When I eventually worked my way down to it I discovered a note inside from Peter that explained his own trepidation about the title,
“My original idea for a title was ‘Tingting Bek …’ but in the end I went with the highly ‘original’ title of ‘Land of the Unexpected’”.
I’ve never been very good with book titles and headlines either. That’s more in the line of an expert journalist like Keith Jackson and I can sympathise with Peter.
As it turned out the title belied the pleasant surprise to be found inside. This is a highly enjoyable read.
On top of that it was a nice change from the usual stuff written by Australians who had worked in Papua New Guinea, to date mostly old kiaps like me.
It turns out we weren’t the only ones to have spent an interesting time there. The teachers, or chalkies as they were known, had some intriguing experiences too.
This is ably demonstrated by Peter and his wife Marian’s experience in Bougainville, especially when they were evacuated out when the whole place fell apart.
Prior to that there was an epic walk across New Ireland, diving with sharks on old wartime shipwrecks and a multitude of other interesting and often hair-raising experiences, all faithfully recounted in the book with a self-effacing and wry humour.

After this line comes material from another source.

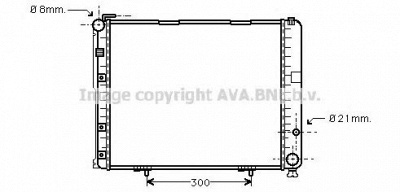AVA QUALITY COOLING ms2236 -  Радиатор, охлаждение двигателя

The book is, in fact, two books in one. The first part is a collection of anecdotes and memoirs and the second a collection of short stories.
The anecdotes threw me a bit because I was expecting the usual set of chronological accounts. Then I got to the second memoir and thought, wait a minute, this is out of sequence.

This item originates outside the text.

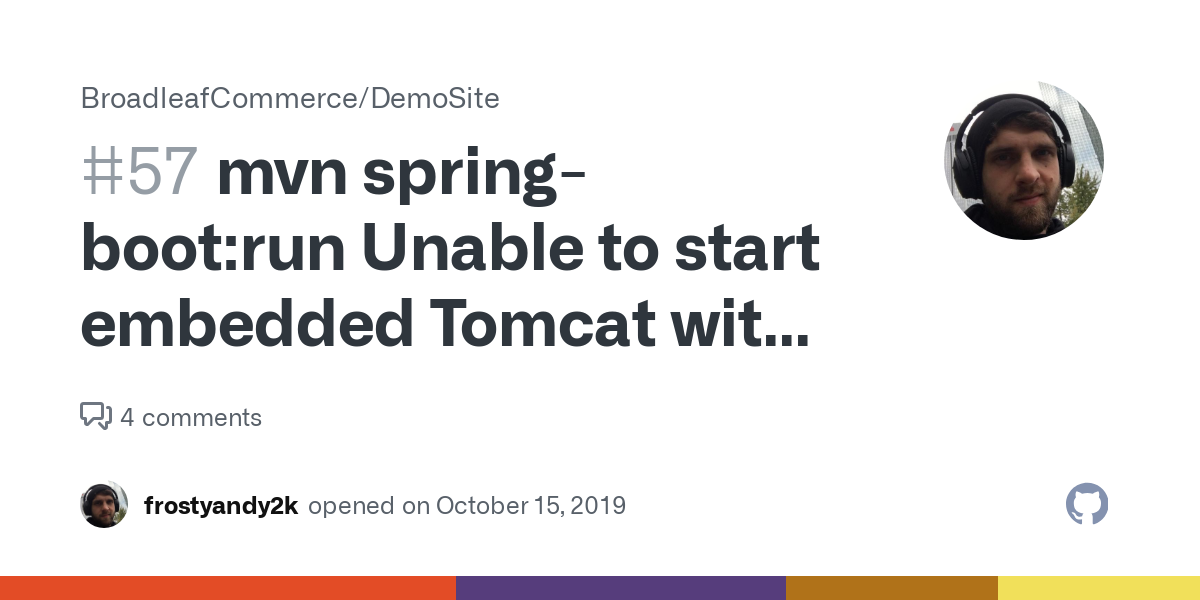 unable to start embedded tomcat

When I got a bit further into the book I realised what Peter was doing.
Each separate piece is a self-contained vignette rather than an episode in a set timeline. Once I got used to the structure, the section was easy to read and in many ways represented a superior way of offering memoirs.
That said, the section is rounded off with an account of a return journey Peter and Marian made to Bougainville in 2015. Some of you may remember it from an article in PNG Attitude.
The second section, the short story collection, shows Peter’s talent as a writer to full effect. He is obviously a great fan of Somerset Maugham and his stories have a similar feel about them.
Many of the stories have been previously published; most of them in the Papua New Guinea Association of Australia’s 2010 collection, Tales and Memoirs of Papua New Guinea.
I read that book when it came out and so re-reading the stories was an interesting experience. It’s amazing what gets stored away in the backrooms of your brain. My re-reading threw up characters that I remembered from six years ago. Not that it diminished the pleasure of meeting them again.
At the end of the book I had a new appreciation of the role of teachers in Papua New Guinea, both before and after independence.
For an old kiap it put into perspective the fact that our often exalted role was really only part of a much bigger scenario that included teachers, agricultural officers, surveyors, tradesmen, bankers, engineers, clerks, doctors and nurses and a host of other professions.
Peter comes from Sydney and went through the Australian School of Pacific Administration in 1968-70. His first posting was to New Ireland.
After four years he left Papua New Guinea but came back in 1980 and worked in both Popondetta in Oro Province and at Panguna on Bougainville before being forced to leave by the civil war in 1990.
We need more books like this one to balance the record. It’s quite remiss of those multiple professions not to have put pen to paper.
So, despite the unfortunate title, I cannot recommend Peter’s book more highly.
If you want to read about a dedicated teacher and his wife working as a nurse this is a book you shouldn’t miss.